NASA Unveils Plans to Send the First Woman to the Moon in 2024

NASA Administrator Jim Bridenstine said the plan was bumped up four years from its initial goal of 2028

Nasa Moon
Photo: NASA/AFP via Getty

NASA is getting ready to send the first woman and next man to the Moon, where they’ll be the first humans to walk the lunar surface since 1972.

The space agency unveiled its updated Artemis plan on Monday, a $28 billion outline that details its goal of having astronauts head to the Moon in 2024 to eventually help them prepare for human exploration of Mars.

“With bipartisan support from Congress, our 21st century push to the Moon is well within America’s reach,” NASA Administrator Jim Bridenstine said in a statement. “We’re going back to the Moon for scientific discovery, economic benefits and inspiration for a new generation of explorers.”

The first mission, Artemis I, will take place without astronauts in 2021 as a test flight of the Space Launch System (SLS) and an Orion spacecraft around the Moon. A crew will fly with Artemis II in 2023.

Then, in 2024, Artemis III will head to the Moon with humans, and the astronauts will land on the lunar South Pole. They will travel about 240,000 miles aboard the Orion before boarding one of NASA’s new commercial landing systems, according to the agency.

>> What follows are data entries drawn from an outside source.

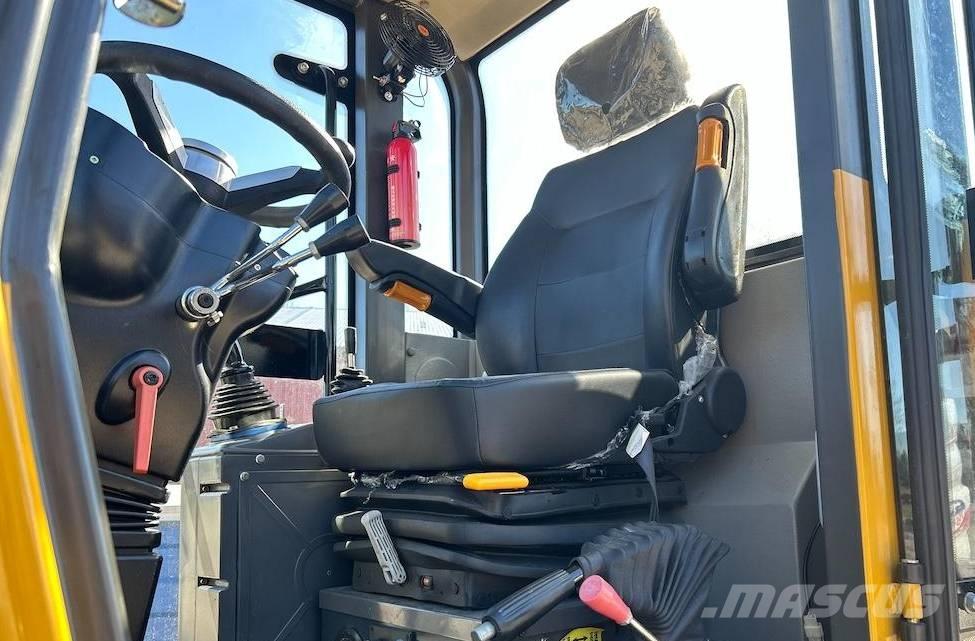  SZM 928 Utovarivači na točkove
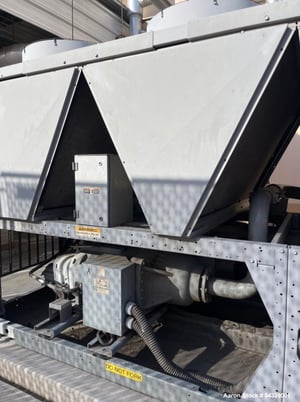 300 Ton, Carrier AquaForce #30XAB30064-0FSXM, Air-Cooled Screw Chiller, R-134A, ComfortLink controls, 73696 - Image 8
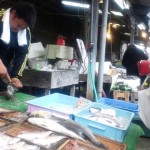 大きなタイ、2匹で1000円だ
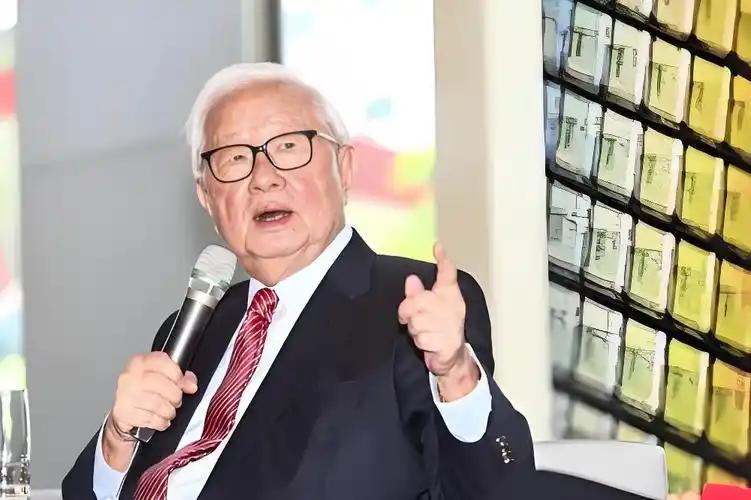 台积电创始人张忠谋，受访时语出惊人：“我真的认为，我的国家——美国，仍然是世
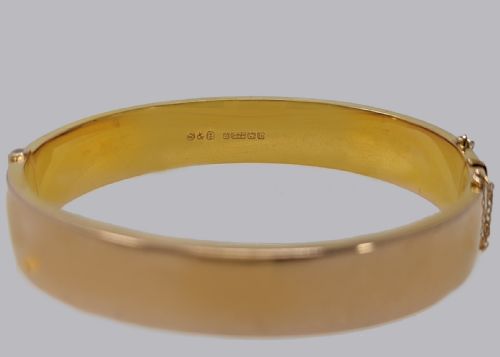 VINTAGE 9CT GOLD HINGED BANGLE HALLMARKED BIRMINGHAM 1935 WIDE ORNATE BANGLE - ADDITIONAL PHOTO 5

Once they reach the Moon, the astronauts will collect samples and conduct various science experiments over the course of seven days before heading back on the Orion.

RELATED VIDEO: NASA Successfully Launches Mars Rover to Collect Signs of Ancient Life

“As part of its Artemis program, NASA plans to send the first woman and next man to the lunar surface in 2024 and establish a sustainable presence there by the end of the decade,” NASA said in a statement. “The agency will use the Moon to prepare for its next giant leap – human exploration of Mars.

Bridenstine said 2024 was “the most ambitious date possible” in the plan’s outline, and said it was four years earlier than the original 2028 plan.

The expedited timeline relies on $3.2 billion from Congress in order to build a landing system, the BBC reported.

Bridenstine reportedly broke down the $28 billion total costs, and said it will support SLS funding, Orion funding, the human landing system and spacesuits.

“The budget requested that we have before the House and the Senate right now includes $3.2 billion for 2021 for the human landing system,” he said, according to the outlet. “It is critically important that we get that $3.2 billion.”

NASA currently has 16 female astronauts, according to its list. Bridenstine told CNN Business last year that the agency might already have an idea as to who will be making the giant leap for womankind.

“It will be somebody who has proven, somebody who has flown, somebody who has been on the International Space Station already,” he said. “We’re looking for, of course, the most qualified candidates, and we have some amazingly talented and highly qualified candidates.”